Significance. If the performance and robustness claims are substantiated with quantitative evidence, RTC would address a practical deployment barrier for high-latency generalist VLAs in real-time robotics, enabling smoother control and higher throughput under delay. The Kinetix benchmark could also become a useful community resource for evaluating dynamic manipulation under latency constraints.

major comments (3)
  1. [§3] §3 (RTC algorithm description): the central robustness claim rests on the inpainting step producing task-consistent continuations for the unfrozen tail when early actions are frozen. No analysis, conditioning tests, or ablations are provided to verify that the underlying flow model maintains dynamic consistency in high-precision tasks once latency forces execution of the inpainted actions; this is load-bearing for the 'uniquely robust' assertion.
  2. [Results] Results section and abstract: positive outcomes are stated for the 12-task Kinetix benchmark and 6 real-world tasks, yet no numerical success rates, throughput metrics, baseline comparisons, error bars, or ablation results on the freezing/inpainting components are reported. This absence prevents evaluation of the magnitude or reliability of the claimed improvements.
  3. [§4.1] §4.1 (benchmark description): the Kinetix simulator benchmark is introduced as containing 12 highly dynamic tasks, but task definitions, success metrics, latency simulation protocol, and exact evaluation setup are not detailed, limiting reproducibility of the robustness findings.
minor comments (2)
  1. The abstract renders an en-dash via an unusual unicode sequence; a standard en-dash or hyphen would improve typographic clarity.
  2. [Introduction] Positioning relative to prior action-chunking and asynchronous control literature is brief; adding 2-3 key citations would better contextualize the contribution.

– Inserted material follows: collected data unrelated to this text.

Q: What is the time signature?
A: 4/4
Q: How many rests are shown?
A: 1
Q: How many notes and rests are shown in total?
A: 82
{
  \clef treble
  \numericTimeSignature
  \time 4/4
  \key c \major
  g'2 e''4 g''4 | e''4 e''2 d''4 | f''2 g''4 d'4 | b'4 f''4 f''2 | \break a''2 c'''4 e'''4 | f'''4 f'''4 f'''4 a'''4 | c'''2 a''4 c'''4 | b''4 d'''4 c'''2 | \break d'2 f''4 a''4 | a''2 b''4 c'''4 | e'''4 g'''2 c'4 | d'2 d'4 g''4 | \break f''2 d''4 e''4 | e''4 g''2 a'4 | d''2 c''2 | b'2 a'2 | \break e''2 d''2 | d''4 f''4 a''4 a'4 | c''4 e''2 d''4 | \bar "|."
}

Simulated Author's Rebuttal

3 responses · 0 unresolved

We thank the referee for their constructive and detailed feedback. We address each major comment below and will revise the manuscript to incorporate additional analysis, numerical results, and benchmark details as outlined.

read point-by-point responses
  1. Referee: [§3] §3 (RTC algorithm description): the central robustness claim rests on the inpainting step producing task-consistent continuations for the unfrozen tail when early actions are frozen. No analysis, conditioning tests, or ablations are provided to verify that the underlying flow model maintains dynamic consistency in high-precision tasks once latency forces execution of the inpainted actions; this is load-bearing for the 'uniquely robust' assertion.

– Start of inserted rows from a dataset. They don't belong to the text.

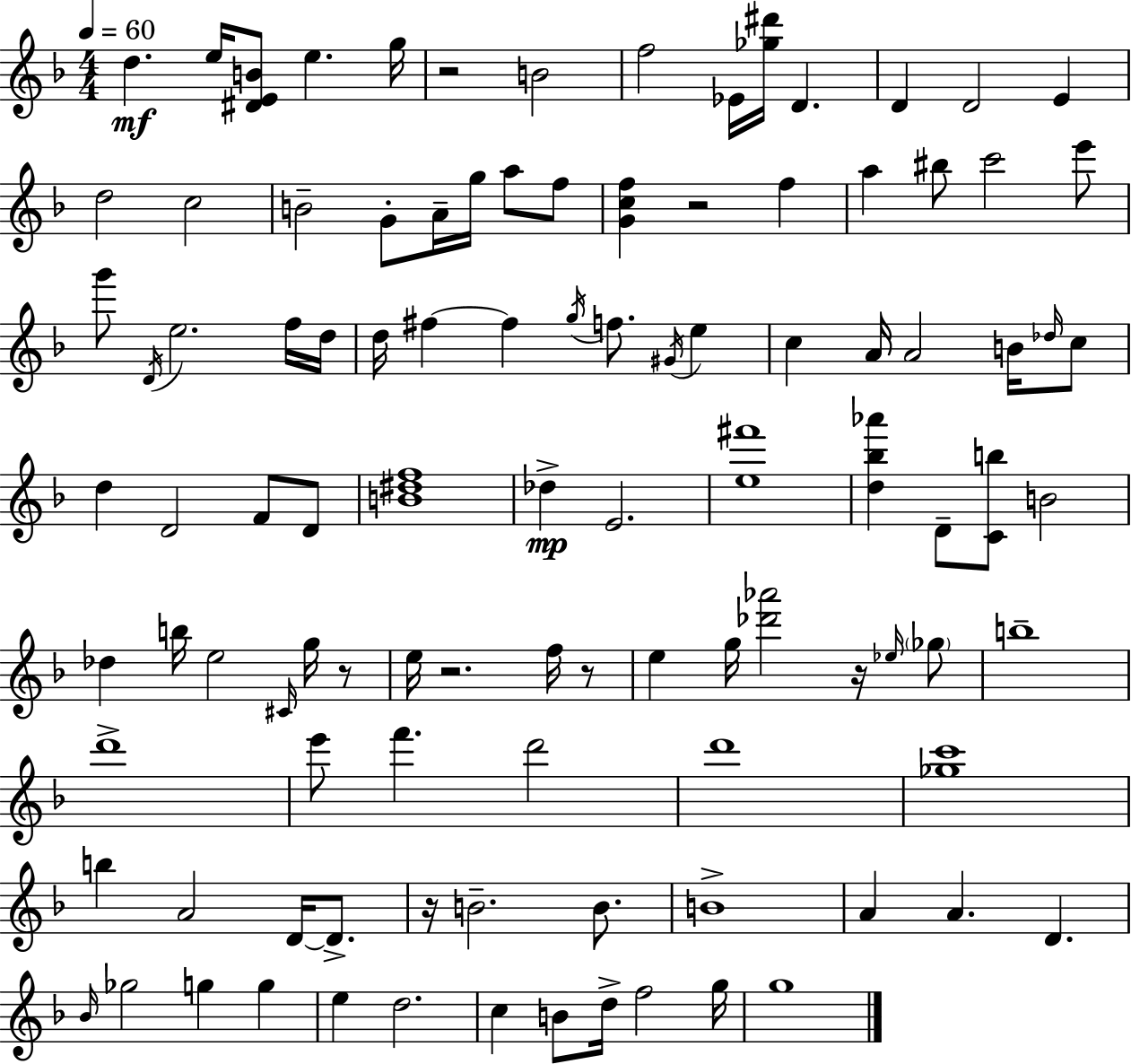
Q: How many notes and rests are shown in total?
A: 105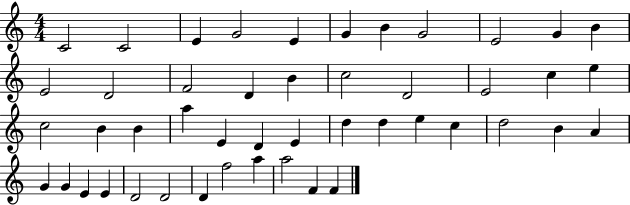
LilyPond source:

{
  \clef treble
  \numericTimeSignature
  \time 4/4
  \key c \major
  c'2 c'2 | e'4 g'2 e'4 | g'4 b'4 g'2 | e'2 g'4 b'4 | \break e'2 d'2 | f'2 d'4 b'4 | c''2 d'2 | e'2 c''4 e''4 | \break c''2 b'4 b'4 | a''4 e'4 d'4 e'4 | d''4 d''4 e''4 c''4 | d''2 b'4 a'4 | \break g'4 g'4 e'4 e'4 | d'2 d'2 | d'4 f''2 a''4 | a''2 f'4 f'4 | \break \bar "|."
}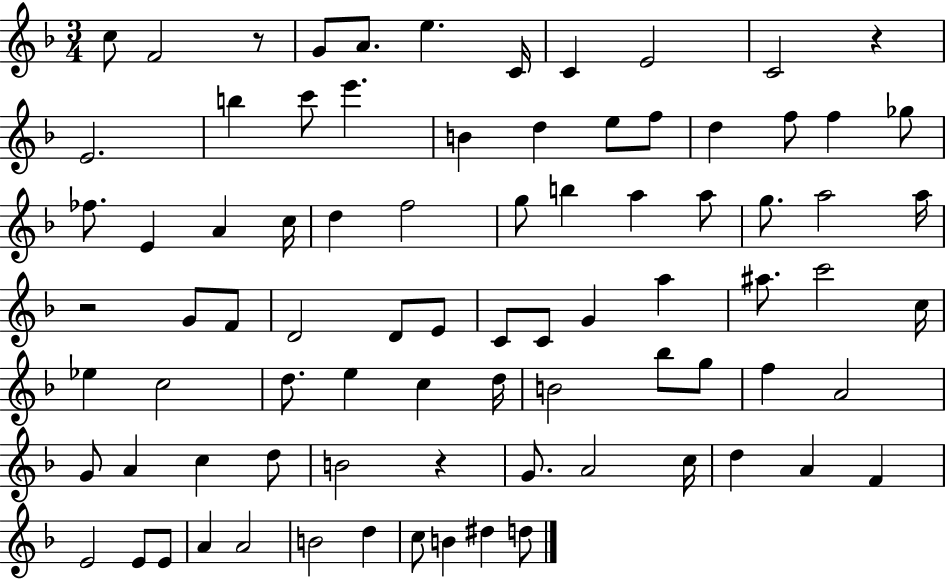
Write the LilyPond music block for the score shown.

{
  \clef treble
  \numericTimeSignature
  \time 3/4
  \key f \major
  c''8 f'2 r8 | g'8 a'8. e''4. c'16 | c'4 e'2 | c'2 r4 | \break e'2. | b''4 c'''8 e'''4. | b'4 d''4 e''8 f''8 | d''4 f''8 f''4 ges''8 | \break fes''8. e'4 a'4 c''16 | d''4 f''2 | g''8 b''4 a''4 a''8 | g''8. a''2 a''16 | \break r2 g'8 f'8 | d'2 d'8 e'8 | c'8 c'8 g'4 a''4 | ais''8. c'''2 c''16 | \break ees''4 c''2 | d''8. e''4 c''4 d''16 | b'2 bes''8 g''8 | f''4 a'2 | \break g'8 a'4 c''4 d''8 | b'2 r4 | g'8. a'2 c''16 | d''4 a'4 f'4 | \break e'2 e'8 e'8 | a'4 a'2 | b'2 d''4 | c''8 b'4 dis''4 d''8 | \break \bar "|."
}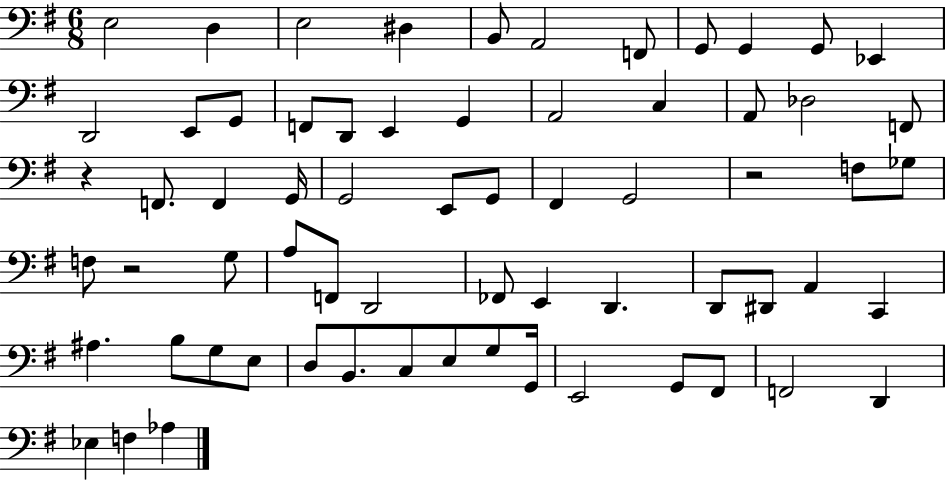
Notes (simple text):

E3/h D3/q E3/h D#3/q B2/e A2/h F2/e G2/e G2/q G2/e Eb2/q D2/h E2/e G2/e F2/e D2/e E2/q G2/q A2/h C3/q A2/e Db3/h F2/e R/q F2/e. F2/q G2/s G2/h E2/e G2/e F#2/q G2/h R/h F3/e Gb3/e F3/e R/h G3/e A3/e F2/e D2/h FES2/e E2/q D2/q. D2/e D#2/e A2/q C2/q A#3/q. B3/e G3/e E3/e D3/e B2/e. C3/e E3/e G3/e G2/s E2/h G2/e F#2/e F2/h D2/q Eb3/q F3/q Ab3/q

    Authors: We acknowledge that the robustness claim would be strengthened by explicit verification of the inpainting step. Although the flow model is conditioned on the frozen prefix and generates trajectories consistent with the observed dynamics by design, we agree that dedicated analysis is warranted. In the revised manuscript, we will add conditioning tests and ablations on the inpainting component, including quantitative evaluation of dynamic consistency on high-precision tasks under forced execution of inpainted actions. revision: yes

  2. Referee: [Results] Results section and abstract: positive outcomes are stated for the 12-task Kinetix benchmark and 6 real-world tasks, yet no numerical success rates, throughput metrics, baseline comparisons, error bars, or ablation results on the freezing/inpainting components are reported. This absence prevents evaluation of the magnitude or reliability of the claimed improvements.

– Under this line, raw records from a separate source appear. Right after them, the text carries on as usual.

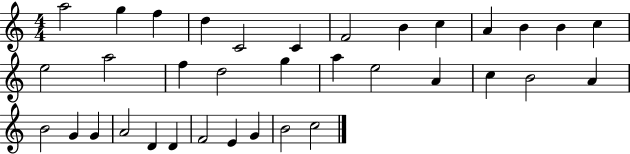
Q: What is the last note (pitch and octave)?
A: C5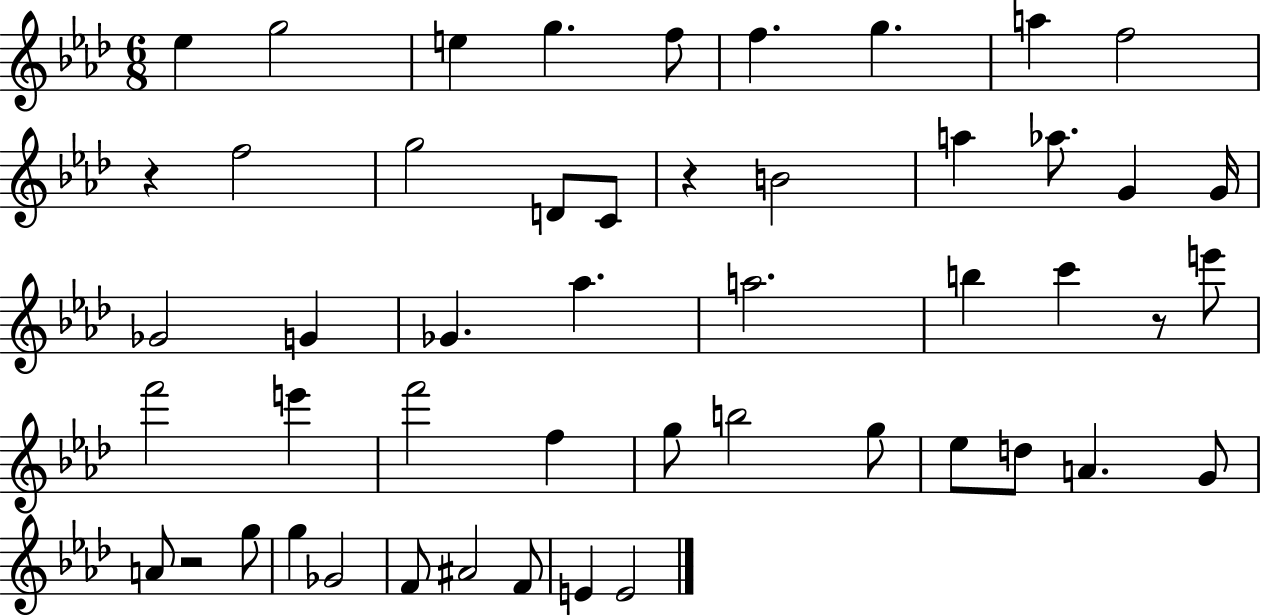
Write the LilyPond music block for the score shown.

{
  \clef treble
  \numericTimeSignature
  \time 6/8
  \key aes \major
  ees''4 g''2 | e''4 g''4. f''8 | f''4. g''4. | a''4 f''2 | \break r4 f''2 | g''2 d'8 c'8 | r4 b'2 | a''4 aes''8. g'4 g'16 | \break ges'2 g'4 | ges'4. aes''4. | a''2. | b''4 c'''4 r8 e'''8 | \break f'''2 e'''4 | f'''2 f''4 | g''8 b''2 g''8 | ees''8 d''8 a'4. g'8 | \break a'8 r2 g''8 | g''4 ges'2 | f'8 ais'2 f'8 | e'4 e'2 | \break \bar "|."
}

    Authors: We apologize for the lack of explicit numerical values in the prose. While the manuscript presents results via figures and tables, we will revise the Results section and abstract to directly report success rates, throughput metrics, baseline comparisons, error bars, and ablation results on the freezing/inpainting components, enabling clearer assessment of the improvements. revision: yes

  3. Referee: [§4.1] §4.1 (benchmark description): the Kinetix simulator benchmark is introduced as containing 12 highly dynamic tasks, but task definitions, success metrics, latency simulation protocol, and exact evaluation setup are not detailed, limiting reproducibility of the robustness findings.

    Authors: We agree that expanded details are required for reproducibility. In the revised manuscript, we will substantially expand §4.1 to include full task definitions, precise success metrics for each of the 12 tasks, the latency simulation protocol, and the complete evaluation setup (including trial counts, randomization, and execution details). revision: yes

Circularity Check

0 steps flagged

No circularity: RTC is a standalone inference-time procedure

full rationale

The paper presents RTC as an algorithmic procedure for asynchronous execution of action chunks in diffusion/flow VLAs. It generates the next chunk while executing the current one by freezing guaranteed actions and inpainting the rest, with no equations, fitted parameters, or derivations shown. No self-citations are invoked as load-bearing uniqueness theorems or ansatzes. The method is tested empirically on benchmarks rather than derived from self-referential inputs. The central claim of out-of-the-box applicability rests on the model's existing conditioning properties, which are external to the paper and not redefined circularly.

Axiom & Free-Parameter Ledger

0 free parameters · 0 axioms · 0 invented entities

The approach rests on standard properties of diffusion and flow models plus the existing action chunking framework; no new free parameters, axioms, or invented entities are introduced in the abstract.

pith-pipeline@v0.9.0 · 5537 in / 1090 out tokens · 69336 ms · 2026-05-15T14:13:39.045070+00:00 · methodology

discussion (0)

Sign in with ORCID, Apple, or X to comment. Anyone can read and Pith papers without signing in.

Forward citations

Cited by 23 Pith papers

Reviewed papers in the Pith corpus that reference this work. Sorted by Pith novelty score.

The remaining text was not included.